[Records drawn from a dataset]
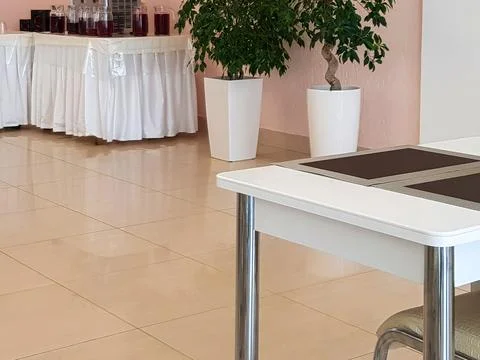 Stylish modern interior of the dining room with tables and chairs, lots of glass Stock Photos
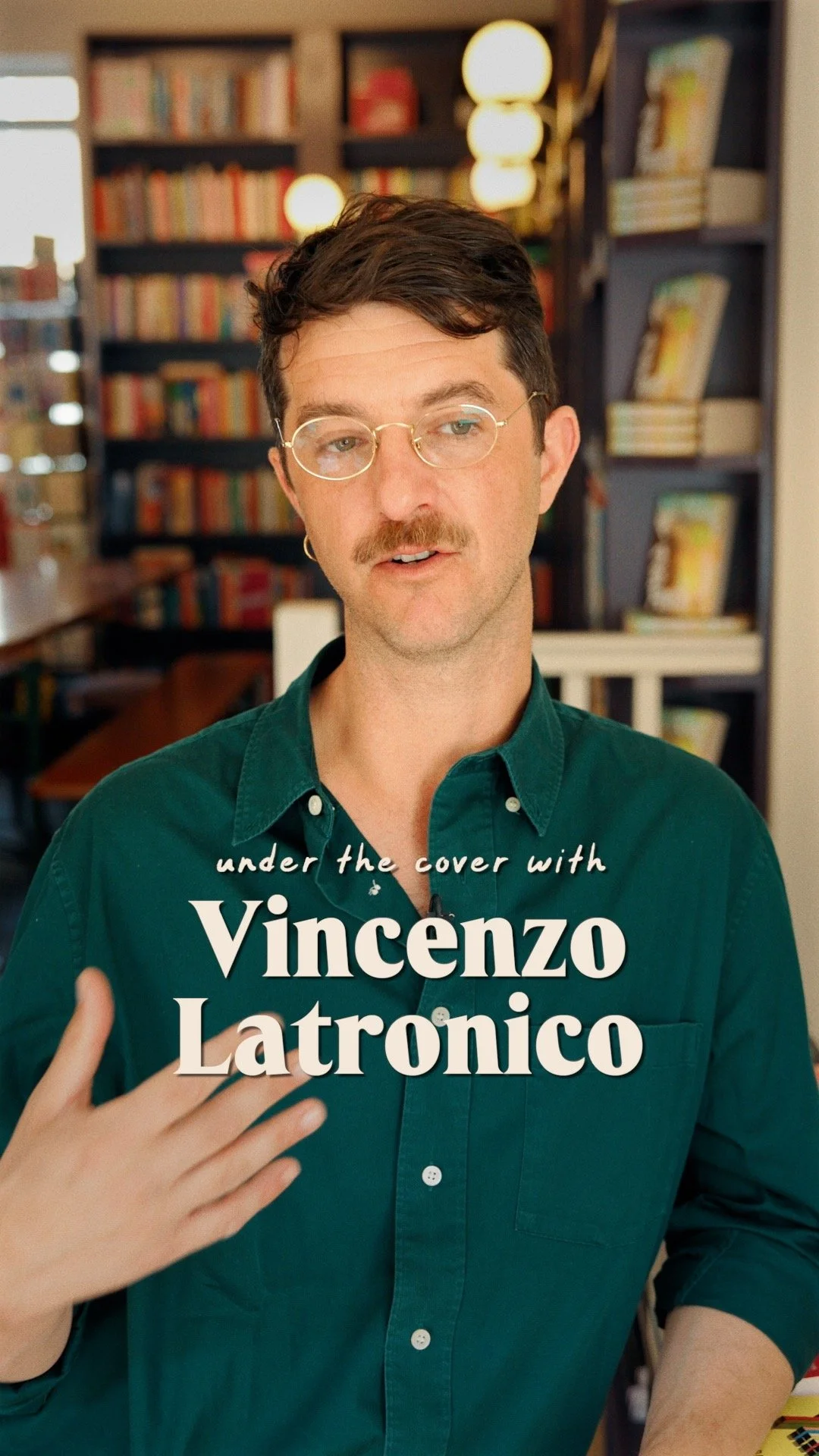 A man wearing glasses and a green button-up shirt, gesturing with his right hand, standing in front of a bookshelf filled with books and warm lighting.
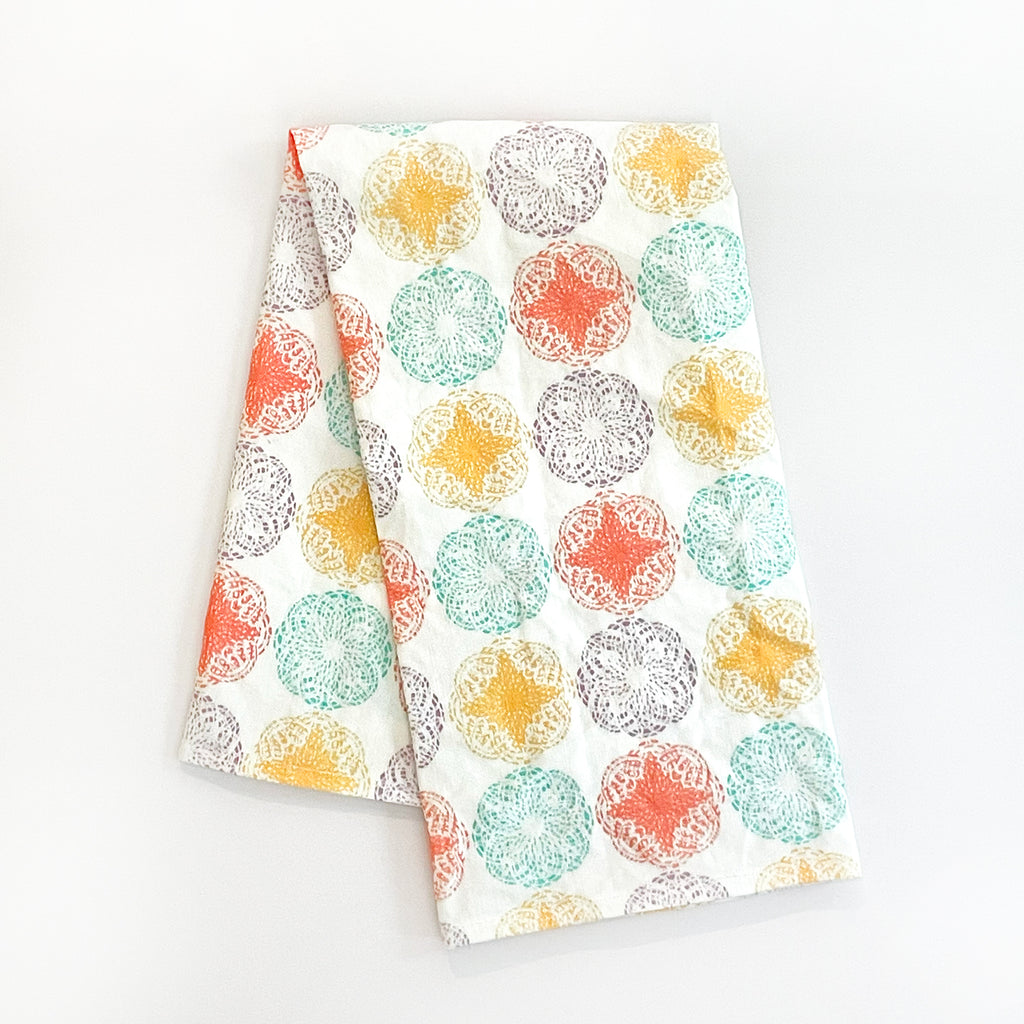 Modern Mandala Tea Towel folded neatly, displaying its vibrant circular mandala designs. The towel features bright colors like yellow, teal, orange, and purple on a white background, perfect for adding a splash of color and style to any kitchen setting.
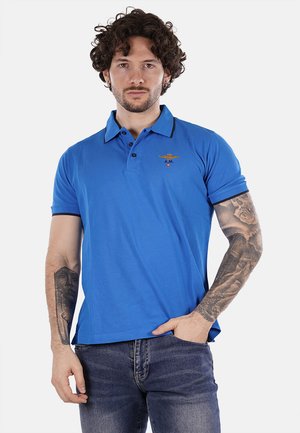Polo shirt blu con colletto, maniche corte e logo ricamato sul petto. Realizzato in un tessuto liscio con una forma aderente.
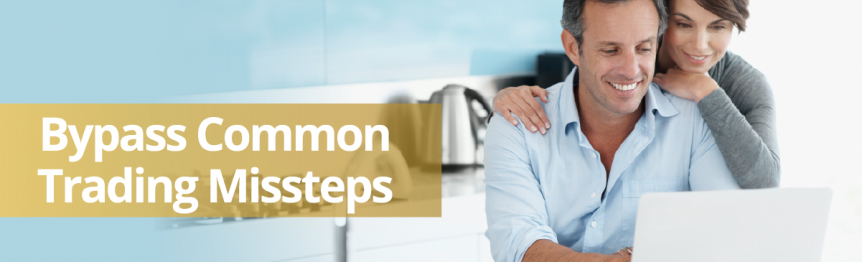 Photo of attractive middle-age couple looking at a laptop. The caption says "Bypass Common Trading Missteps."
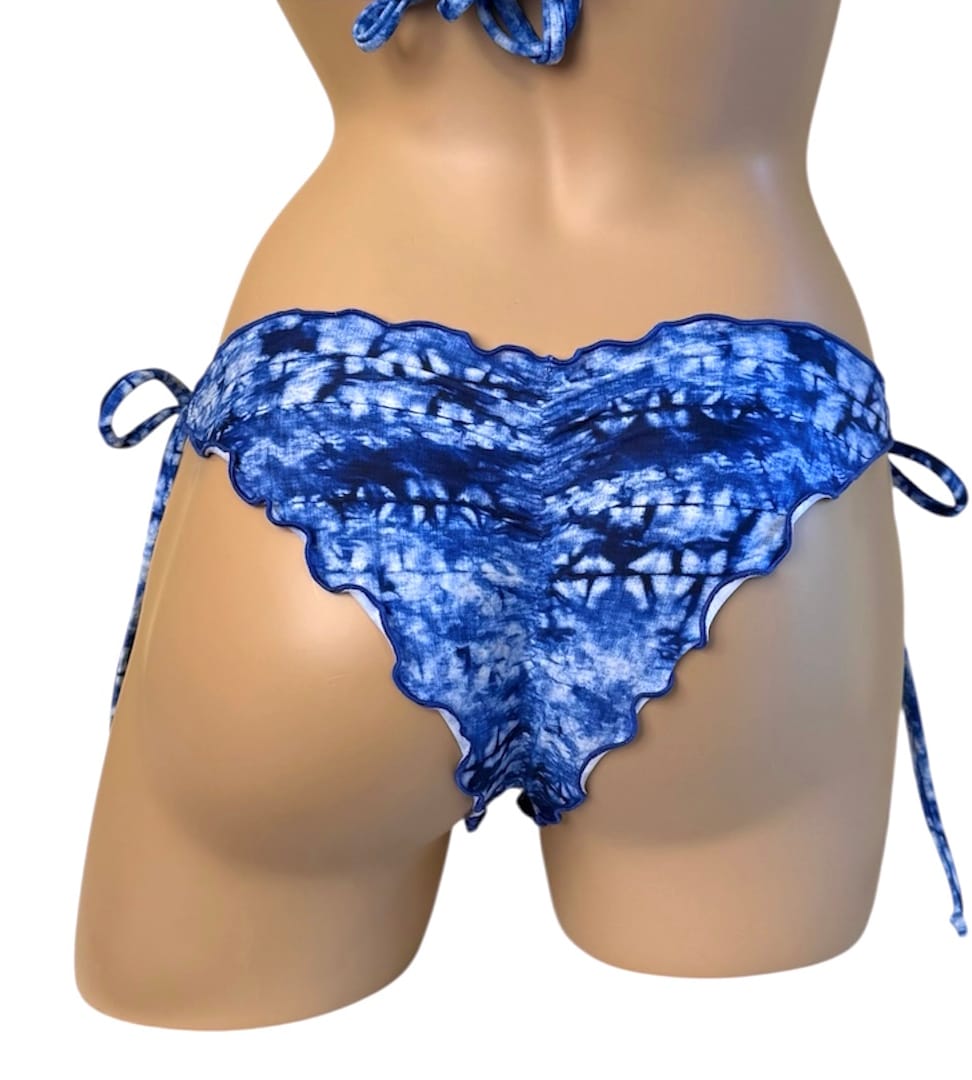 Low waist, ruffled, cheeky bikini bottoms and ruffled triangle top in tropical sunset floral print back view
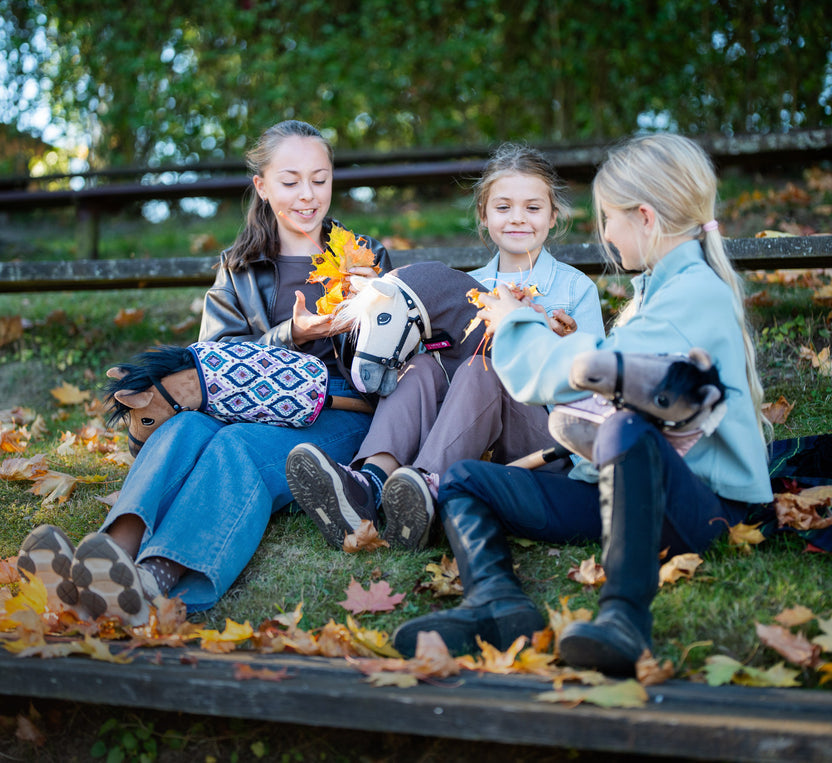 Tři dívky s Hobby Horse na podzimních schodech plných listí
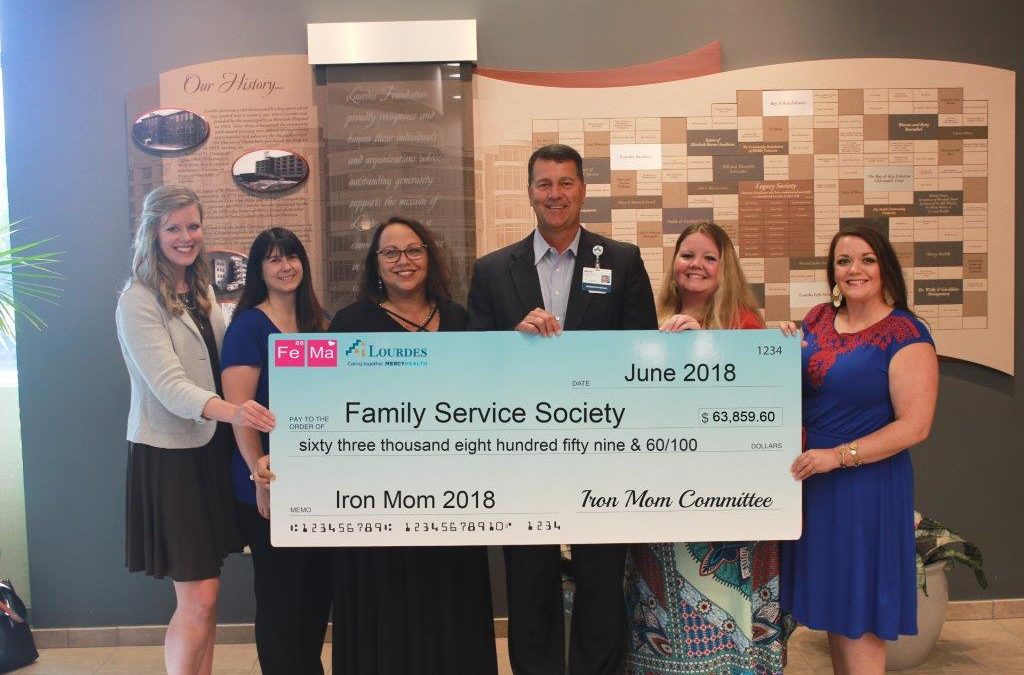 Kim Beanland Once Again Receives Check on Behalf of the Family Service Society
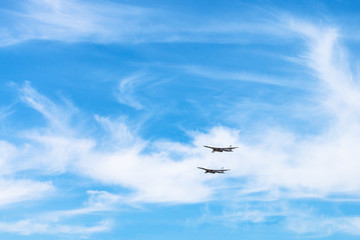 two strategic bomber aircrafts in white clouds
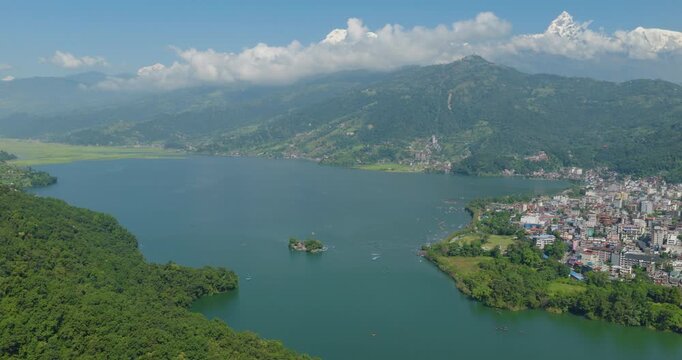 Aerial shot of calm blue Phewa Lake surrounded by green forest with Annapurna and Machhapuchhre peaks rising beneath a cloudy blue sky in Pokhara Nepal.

▸ **Problem description**
All entries are to be retyped exactly. Omit any embedded images.

▸ **The answer**
 Stylish modern interior of the dining room with tables and chairs, lots of glass Stock Photos
 A man wearing glasses and a green button-up shirt, gesturing with his right hand, standing in front of a bookshelf filled with books and warm lighting.
 Modern Mandala Tea Towel folded neatly, displaying its vibrant circular mandala designs. The towel features bright colors like yellow, teal, orange, and purple on a white background, perfect for adding a splash of color and style to any kitchen setting.
Polo shirt blu con colletto, maniche corte e logo ricamato sul petto. Realizzato in un tessuto liscio con una forma aderente.
 Photo of attractive middle-age couple looking at a laptop. The caption says "Bypass Common Trading Missteps."
 Low waist, ruffled, cheeky bikini bottoms and ruffled triangle top in tropical sunset floral print back view
 Tři dívky s Hobby Horse na podzimních schodech plných listí
 Kim Beanland Once Again Receives Check on Behalf of the Family Service Society
 two strategic bomber aircrafts in white clouds
 Aerial shot of calm blue Phewa Lake surrounded by green forest with Annapurna and Machhapuchhre peaks rising beneath a cloudy blue sky in Pokhara Nepal.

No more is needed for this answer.